Les grandes entreprises, par leurs relations avec de nombreux clients et fournisseurs, sont pour leur part appelées à exercer un effet d'entraînement en ce qui touche le déploiement de ce mode de transaction.
Quant aux institutions financières, Desjardins y compris, c'est par une offre de services qui soit à la fine pointe de la technologie et du savoir-faire que je vois leur contribution la plus significative. Leur expertise particulière permettra d'assurer la complète sécurité et fiabilité des services offerts, ainsi que leur disponibilité en tout temps.
Desjardins a d'ailleurs une longue expérience en cette matière. Cette expérience remonte en fait à l'Exposition Universelle de 1967, alors que la caisse présente dans l'Île Ste-Hélène était la première au Canada à expérimenter le télétraitement des transactions.
Cette première expérience allait quelques années plus tard permettre le traitement informatique des opérations des membres dans toutes les caisses du réseau et permettre également des transactions inter-caisses. Desjardins a ainsi, pendant une bonne partie des années 70, pu bénéficier d'une avance technologique appréciable sur tous ses concurrents.
Le leadership technologique de Desjardins s'est exprimé depuis ce temps de diverses façons. Peut-être vous rappelez-vous le déploiement des guichets automatiques, à partir du début des années 80 et, quelques années plus tard, celui du paiement direct, pour lequel Desjardins a été un véritable pionnier au Canada ? Nous continuons aujourd'hui dans la même veine avec l'expérimentation du porte-monnaie électronique Mondex, actuellement en cours dans la région de Sherbrooke.
En décembre 1996, Desjardins était aussi le premier, au Québec, à permettre à ses membres de réaliser des transactions par l'intermédiaire de son site Internet. Aujourd'hui, les membres réalisent 4 millions de transactions par mois sur le site Web de Desjardins, un nombre qui double à tous les ans.
Des partenariats stratégiques nous permettent de continuer à enrichir l'offre de services électroniques à nos membres. L'un de ceux-là, conclu récemment avec Bell et Hydro-Québec, concerne la gestion des réseaux de télécommunications. Un autre, réalisé avec quelques grandes banques canadiennes et BCE Emergis, concerne pour sa part l'approvisionnement électronique. D'autres ententes seront annoncées dans un proche avenir.

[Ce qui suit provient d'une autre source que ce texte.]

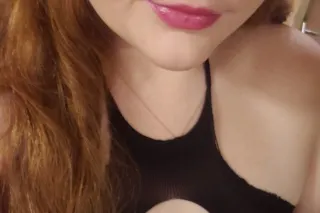 QV SPECIALS 💦Cum💦see how 🍯swee... - Image 1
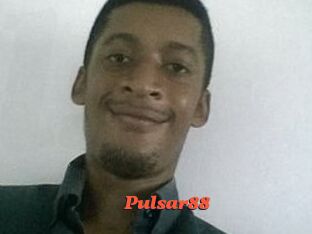 pulsar88 Livespot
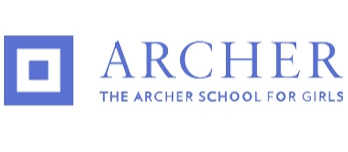 阿切尔女子中学 The Archer School for Girls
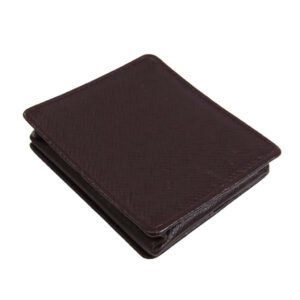 Louis Vuitton Bordeaux Leather  wallet accessories | AlmaBagz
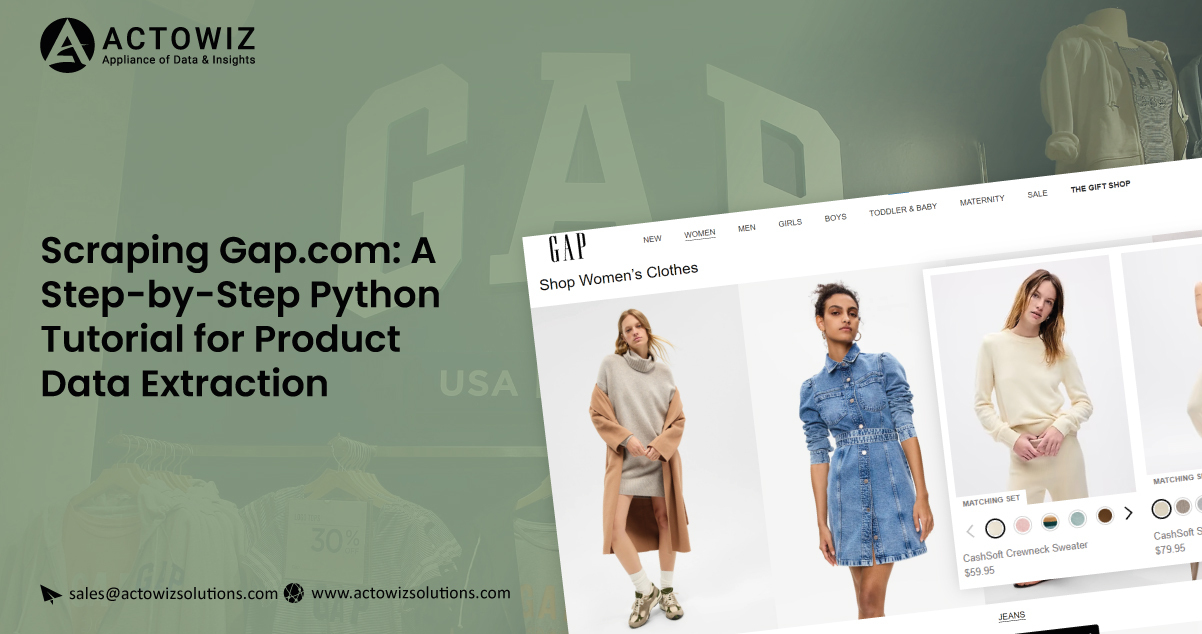 Scraping-Gap-com-A-Step-by-Step-Python-Tutorial-for-Product-Data-Extraction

Les services que nous travaillons à mettre au point auront aussi pour but de faciliter le commerce inter-entreprises, ce qu'on appelle, dans le jargon désormais consacré, le «B2B» ou «business-to-business». Cela, sans négliger les outils permettant aux entreprises d'offrir des services électroniques de qualité à leur clientèle de détail.

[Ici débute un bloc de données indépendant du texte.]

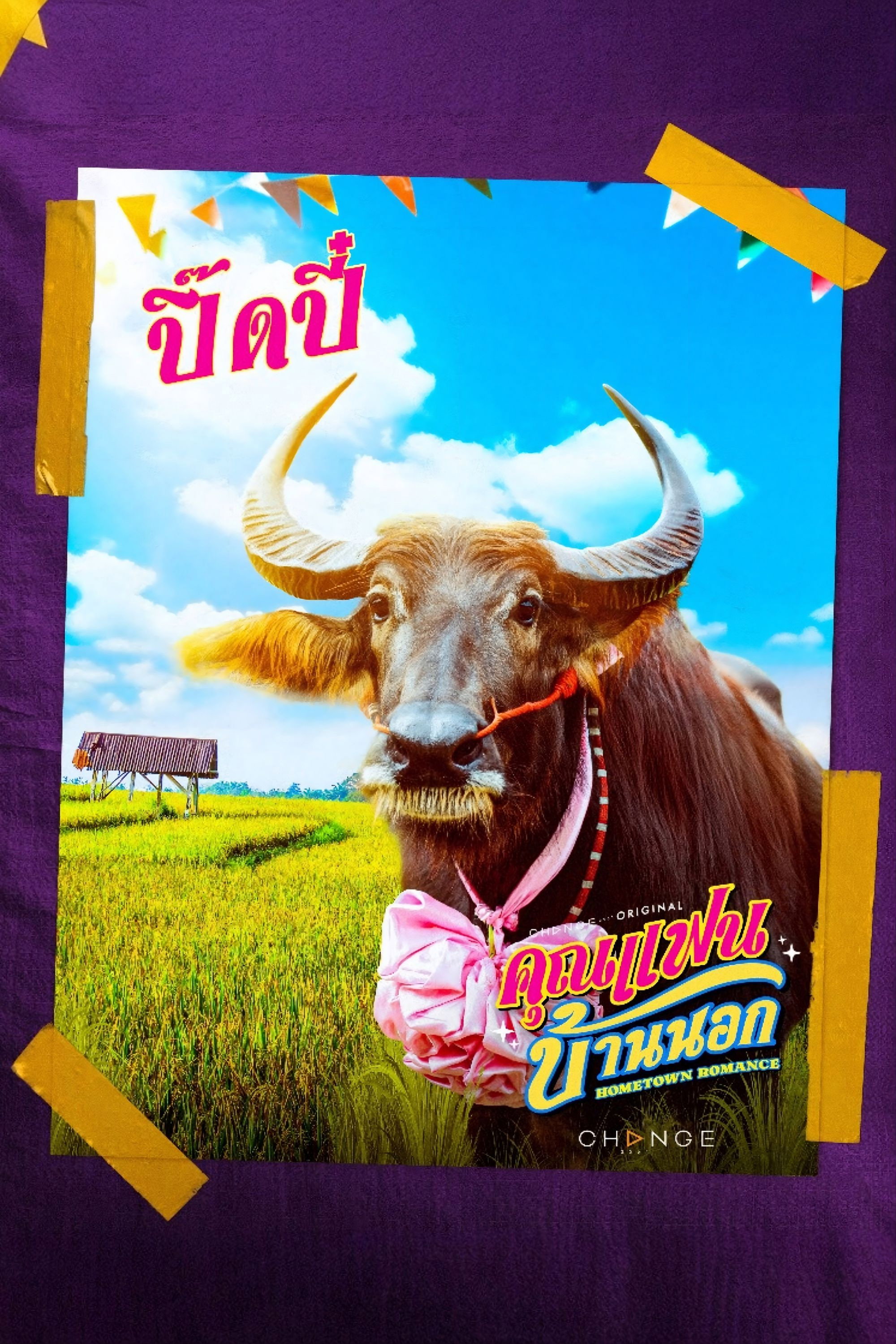 Ảnh 53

Nous voulons et nous allons contribuer à faire de l'explosion du commerce électronique, un atout dont vous, les gens d'affaires, pourrez profiter.
Conclusion
Alphonse Desjardins disait aux entrepreneurs, au tout début du siècle, que la coopérative pouvait «leur offrir un concours des plus précieux». Depuis ce temps, les caisses ont bien prouvé qu'il disait vrai. Elles n'ont en effet jamais ménagé leurs efforts pour évoluer avec leurs membres, particuliers et entreprises, au cours des 100 dernières années.
Et je veux aujourd'hui vous assurer d'une chose, c'est qu'elles entendent continuer à le faire tout au long du XXIe siècle. La force financière que représente près de 77 milliards $ d'actif, appuyés sur un capital de 4,8 milliards $, servira longtemps encore à stimuler l'essor de notre économie et le développement de nos entreprises.
Le Desjardins d'aujourd'hui, c'est un Desjardins qui croit toujours à la pertinence de sa mission, à la fois sociale et économique, à l'échelle du Québec. C'est un Desjardins qui entend demeurer pleinement coopératif et, fort de ses valeurs, être l'institution financière la plus humaine au Québec.
C'est aussi un Desjardins ouvert sur l'avenir, sur vous, à l'affût des occasions d'affaires et des partenariats qui s'avéreront générateurs d'un nouveau potentiel de développement pour nos milieux.